* [PATCH 1/2] btrfs: use fs_info as the block device holder
2025-06-06 5:47 [PATCH 0/2] btrfs: implement blk_holder_ops call backs Qu Wenruo
@ 2025-06-06 5:47 ` Qu Wenruo
2025-06-06 5:47 ` [PATCH 2/2] btrfs: add a simple dead device detection mechanism Qu Wenruo
2025-06-06 8:18 ` [PATCH 0/2] btrfs: implement blk_holder_ops call backs Qu Wenruo
2 siblings, 0 replies; 4+ messages in thread
From: Qu Wenruo @ 2025-06-06 5:47 UTC (permalink / raw)
To: linux-btrfs
Currently btrfs uses "btrfs_fs_type" as the bdev holder for all opened
device, which means all btrfses shares the same holder value.
That's only fine when there is no blk_holder_ops provided, but we're
going to implement blk_holder_ops soon, so replace the "btrfs_fs_type"
holder usage, and replace it with a proper fs_info instead.
This means we can remove the btrfs_fs_info::bdev_holder completely.
Signed-off-by: Qu Wenruo <wqu@suse.com>
---
fs/btrfs/dev-replace.c | 2 +-
fs/btrfs/fs.h | 2 --
fs/btrfs/super.c | 3 +--
fs/btrfs/volumes.c | 4 ++--
4 files changed, 4 insertions(+), 7 deletions(-)

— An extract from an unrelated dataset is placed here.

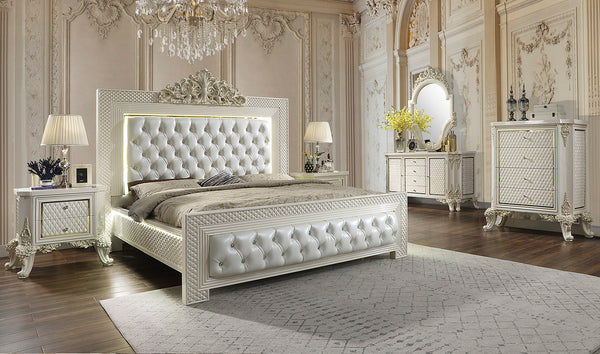 HD-8091 White Gloss/Gold Brush Highlights 5-Piece Bedroom Set (Special Order)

diff --git a/fs/btrfs/dev-replace.c b/fs/btrfs/dev-replace.c
index 2decb9fff445..cf63f4b29327 100644
--- a/fs/btrfs/dev-replace.c
+++ b/fs/btrfs/dev-replace.c
@@ -250,7 +250,7 @@ static int btrfs_init_dev_replace_tgtdev(struct btrfs_fs_info *fs_info,
}
bdev_file = bdev_file_open_by_path(device_path, BLK_OPEN_WRITE,
- fs_info->bdev_holder, NULL);
+ fs_info, NULL);
if (IS_ERR(bdev_file)) {
btrfs_err(fs_info, "target device %s is invalid!", device_path);
return PTR_ERR(bdev_file);
diff --git a/fs/btrfs/fs.h b/fs/btrfs/fs.h
index b239e4b8421c..d90304d4e32c 100644
--- a/fs/btrfs/fs.h
+++ b/fs/btrfs/fs.h
@@ -715,8 +715,6 @@ struct btrfs_fs_info {
u32 data_chunk_allocations;
u32 metadata_ratio;
- void *bdev_holder;
-
/* Private scrub information */
struct mutex scrub_lock;
atomic_t scrubs_running;
diff --git a/fs/btrfs/super.c b/fs/btrfs/super.c
index 2d0d8c6e77b4..c1efd20166cc 100644
--- a/fs/btrfs/super.c
+++ b/fs/btrfs/super.c
@@ -1865,7 +1865,7 @@ static int btrfs_get_tree_super(struct fs_context *fc)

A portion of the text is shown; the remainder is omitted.